Minor revisions are needed.
P1, line 10: We need a clear definition of the ‘effective optical depth’. Why do you introduce ‘effective’?
P2, line 57: Here, you could add the recent MOSAiC publication on smoke and cirrus (Ansmann et al., ACP; 2025).
P3-P4: Most of the information on page 3 and page 4 are not needed and could be left out. The shorter the introduction the better. Come to your point of research in 1.5-2 pages!
P4, Eq.(1): Why do you use ‘effective’? It is simply the cirrus optical depth! In this context you may already explain how you get the single-scattering extinction coefficient sigma-ci. How did you correct for multiple scattering? Maybe you use the backscatter coefficient, obtained from the CALIOP observation with a lidar ratio that considers multiple scattering? What lidar ratios does the CALIOP team assume in their retrieval of the cirrus backscatter coefficient? And what lidar ratio do they assume in the multiplication of the backscatter coefficient to obtain the single scattering extinction coefficient? This is important information that is missing in this lidar paper on cirrus optical properties.
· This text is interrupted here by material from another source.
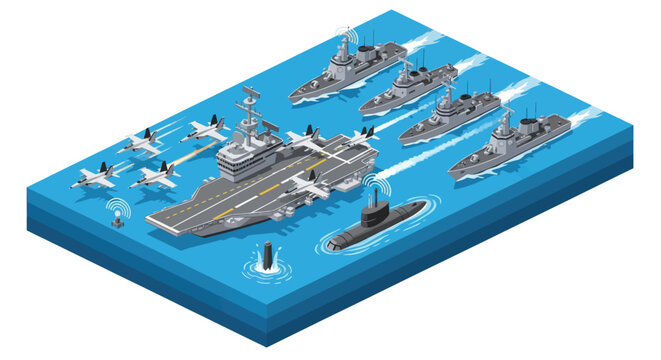 Military ships and aircraft on water.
More general, how is the extinction coefficient profile determined? How large are the uncertainties when using the Klett technique? I speculate, probably much larger than 50%!
P4, line 123: CALIOP is nadir pointing? It measures at an off-nadir angle of 3°! So, it is off-nadir pointing! One could briefly explain why an off-nadir pointing is selected.
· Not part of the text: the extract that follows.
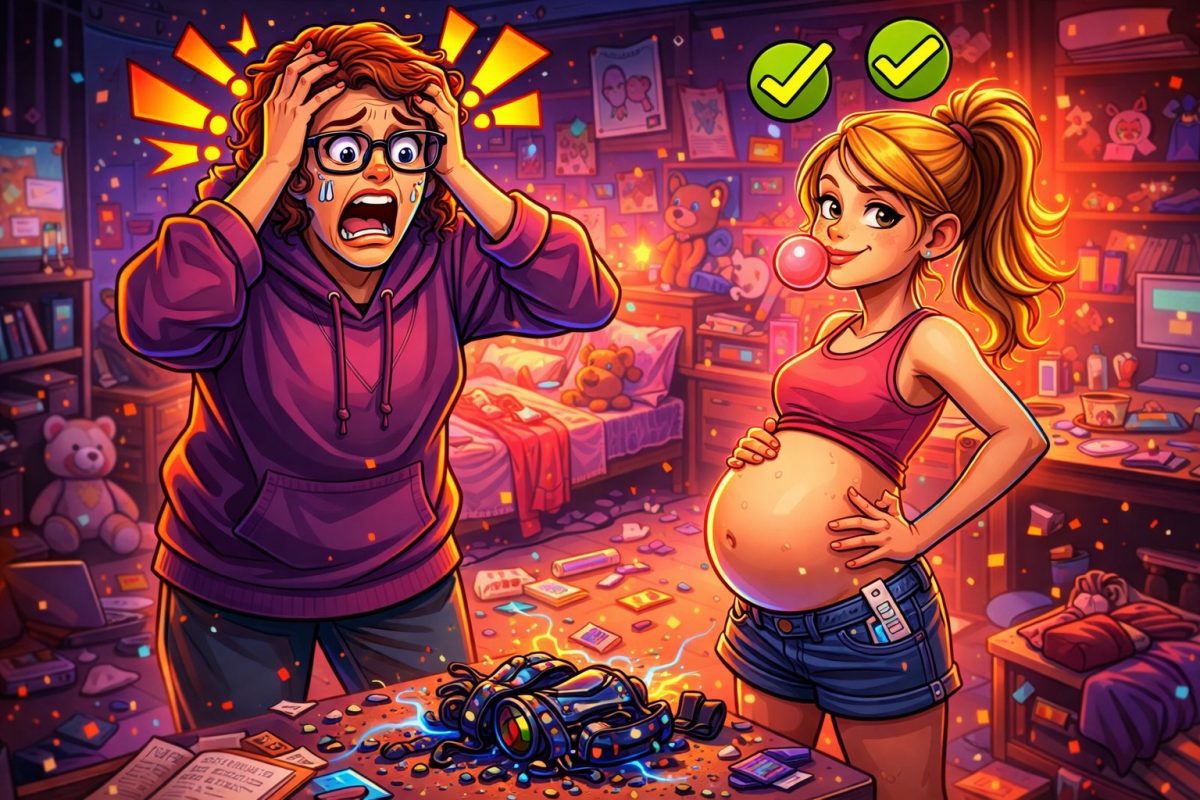 Dve ženy v neporiadnej izbe, jedna vystrašená, druhá tehotná s úsmevom. Kľúčové momenty a odkazy na chaos.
P5, line 149: ‘Occurrence rate’? You probably mean: Frequency of occurrence! The word ‘rate‘ points to occurrence per second. More common is to use ‘Frequency of occurrence’, i.e., number of cirrus layers occurring within a given latitudinal belt within a given season.
P5, line 158: You write: The altitude ranges in which cirrus formed… can be seen in Figure S1. How do you know where cirrus formed? I speculate that you often detect just virga segments far below the height where ice crystal nucleation (in situ cirrus formation) took place. Please, be more clear in this respect. You may also use ‘height interval’ as an alternative to ‘height range’. In conclusion, you mean the height interval in which cirrus segments were found… or cirrus clouds occurred. Please state that clearly!
P6, lines 166-168: The extent, size, or depth of the height interval in which you detected cirrus layers mainly depends on the size or vertical extent of the virga zones, i.e., by the base heights of the detected virga layers. That means: ‘Height range of cirrus formation’ is definitely misleading wording. This hold for the entire page 6.
P7, l 197: The geometrical thickness of a cirrus cloud is obtained from the knowledge of the base and top height of a given cirrus layer. Your definition is confusing (line 197): the geometrical thickness of cirrus cloud is defined as the vertical distribution of cirrus clouds at different latitudes. What do you mean here? What do you want to tell us?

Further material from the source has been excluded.